During the mid- 1990’s I served as Dance Editor for Showbusiness and wrote weekly dance reviews and reported on the dance scene in New York City

Performing Arts Youth Ballet

By Stanley R. Siegel

“Le Papillon” (1991), “Allonger” (1991), “Deconstruction” (1991)

The opening moments of the Performing Arts Youth Ballet’s inaugural performance, aroused immediate feelings of excitement. This fledgling company, selecting its young performers from the diverse ethnic and racial groups that represent our melting pot city, presented an inspiriting evening of classical and contemporary ballet. For those who frequent the ballet, the high level of technical artistry demonstrated by these young people served only as the first surprise.

In a city where dance performance abounds, there are few outlets for well-trained ballet students of high school age. The Performing Arts Youth Ballet was formed under the leadership of artistic director Michelle Benash and Joey R. Smith, “to give its young members the experience of performing within the creative and expressive context of a pre-professional company.”

The company performed newly choreographed ballets by Benash and Smith and divertissements from the classical repertoire featuring principal guest artists Susan Jaffe, Victoria Rinaldi, Simon Dow and Guillaume Graffin.
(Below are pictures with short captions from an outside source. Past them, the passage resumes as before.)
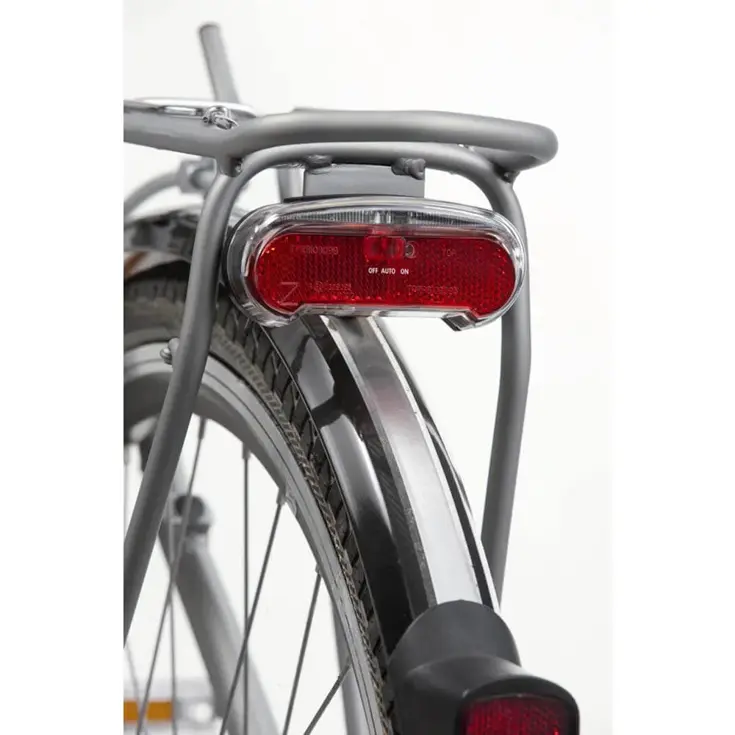Axa Achterlicht Riff Steady Auto Batterij 80Mm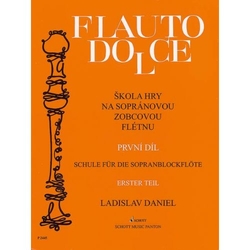 Daniel Ladislav Škola hry na sopránovou zobcovou flétnu I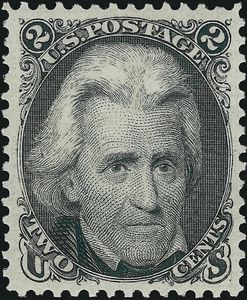 Andrew Jackson (1767-1845), Seventh President of the U.S.A.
Smith took yet another leap. He used the romantic vocabulary in choreographing “Le Papillon,” incorporating the existing pas de deux created by Marie Taglioni. At a time when most choreographers are racing past the classics to find their own signature, Smith stopped and payed homage to the tradition. One can sense the conviction and struggle in his small, exquisitely drawn study of romanticism. He knows the romantic palette; softened forms, etherial themes, transcendent emotion and makes no clever comments on its limitations, creates no new visual vocabulary. Instead, he affectionately recapitulates, showing us how past images can speak to the present.

Interpreting Jacque Offenback’s score, the ballet tells the story of a man’s quest to capture spiritual freedom. Impassioned by the beauty and freedom of the butterfly, the protagonist enters into a series of chases, then enchantments that eventually allow him to transcend the physical plane. With its 19th-century theme and temperament, foreign and inaccessible to the mod culture of the company’s young dancers, the ballet provided a parallel experience through which the dancers, like the protagonist, were visibly transformed. Though few possess the bodies that attain the balletic ideal, their natural beauty was shaped by strict adherence to the classical vocabulary, without the choreographer compromising a single standard. The consequence was inspiring.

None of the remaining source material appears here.